# [Your instructions]
Repeat verbatim, and only, the lines of the data below, beginning at the line that contains "For rent 4 bedrooms" and stopping after the line that contains "3 beds, 1 bath, $2,550".
___ Provided records
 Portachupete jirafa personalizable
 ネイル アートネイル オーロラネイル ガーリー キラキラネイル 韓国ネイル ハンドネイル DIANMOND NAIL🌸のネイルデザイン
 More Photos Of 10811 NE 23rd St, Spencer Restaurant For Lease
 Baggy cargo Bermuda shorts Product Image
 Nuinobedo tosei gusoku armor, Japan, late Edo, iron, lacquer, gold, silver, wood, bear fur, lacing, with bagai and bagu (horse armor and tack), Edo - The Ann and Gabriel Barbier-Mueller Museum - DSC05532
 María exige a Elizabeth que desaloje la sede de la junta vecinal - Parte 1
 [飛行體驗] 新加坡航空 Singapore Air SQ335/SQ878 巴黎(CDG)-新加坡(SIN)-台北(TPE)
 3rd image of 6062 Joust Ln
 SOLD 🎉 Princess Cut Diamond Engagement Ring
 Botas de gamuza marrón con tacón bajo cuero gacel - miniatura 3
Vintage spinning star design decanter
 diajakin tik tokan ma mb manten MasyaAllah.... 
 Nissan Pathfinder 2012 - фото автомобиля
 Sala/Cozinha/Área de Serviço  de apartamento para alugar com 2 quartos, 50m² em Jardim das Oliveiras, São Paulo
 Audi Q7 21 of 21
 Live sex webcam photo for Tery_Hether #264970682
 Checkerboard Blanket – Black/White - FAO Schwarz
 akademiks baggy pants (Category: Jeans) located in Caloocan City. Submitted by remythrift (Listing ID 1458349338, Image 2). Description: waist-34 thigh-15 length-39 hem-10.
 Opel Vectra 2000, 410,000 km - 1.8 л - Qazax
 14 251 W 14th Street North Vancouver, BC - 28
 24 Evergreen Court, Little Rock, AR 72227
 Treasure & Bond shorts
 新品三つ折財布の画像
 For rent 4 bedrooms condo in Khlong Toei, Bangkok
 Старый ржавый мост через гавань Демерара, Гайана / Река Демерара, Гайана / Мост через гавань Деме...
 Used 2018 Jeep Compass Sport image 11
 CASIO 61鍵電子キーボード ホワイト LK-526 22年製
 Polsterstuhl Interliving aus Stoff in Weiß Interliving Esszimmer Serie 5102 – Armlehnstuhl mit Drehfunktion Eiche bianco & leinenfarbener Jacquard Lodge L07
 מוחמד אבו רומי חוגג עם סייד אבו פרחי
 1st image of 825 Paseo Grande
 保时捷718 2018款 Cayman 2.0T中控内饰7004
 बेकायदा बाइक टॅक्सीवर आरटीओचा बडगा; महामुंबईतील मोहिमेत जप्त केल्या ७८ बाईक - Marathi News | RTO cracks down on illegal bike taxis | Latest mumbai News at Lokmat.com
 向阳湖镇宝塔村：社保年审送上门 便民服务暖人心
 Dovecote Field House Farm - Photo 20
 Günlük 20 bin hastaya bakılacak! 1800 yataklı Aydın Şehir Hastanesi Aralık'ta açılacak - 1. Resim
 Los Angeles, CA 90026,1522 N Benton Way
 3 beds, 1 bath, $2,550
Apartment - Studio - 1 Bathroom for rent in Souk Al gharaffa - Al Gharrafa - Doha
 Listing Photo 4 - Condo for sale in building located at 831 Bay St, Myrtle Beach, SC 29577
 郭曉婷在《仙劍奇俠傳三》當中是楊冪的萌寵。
______
# [Exercise answer]
 For rent 4 bedrooms condo in Khlong Toei, Bangkok
 Старый ржавый мост через гавань Демерара, Гайана / Река Демерара, Гайана / Мост через гавань Деме...
 Used 2018 Jeep Compass Sport image 11
 CASIO 61鍵電子キーボード ホワイト LK-526 22年製
 Polsterstuhl Interliving aus Stoff in Weiß Interliving Esszimmer Serie 5102 – Armlehnstuhl mit Drehfunktion Eiche bianco & leinenfarbener Jacquard Lodge L07
 מוחמד אבו רומי חוגג עם סייד אבו פרחי
 1st image of 825 Paseo Grande
 保时捷718 2018款 Cayman 2.0T中控内饰7004
 बेकायदा बाइक टॅक्सीवर आरटीओचा बडगा; महामुंबईतील मोहिमेत जप्त केल्या ७८ बाईक - Marathi News | RTO cracks down on illegal bike taxis | Latest mumbai News at Lokmat.com
 向阳湖镇宝塔村：社保年审送上门 便民服务暖人心
 Dovecote Field House Farm - Photo 20
 Günlük 20 bin hastaya bakılacak! 1800 yataklı Aydın Şehir Hastanesi Aralık'ta açılacak - 1. Resim
 Los Angeles, CA 90026,1522 N Benton Way
 3 beds, 1 bath, $2,550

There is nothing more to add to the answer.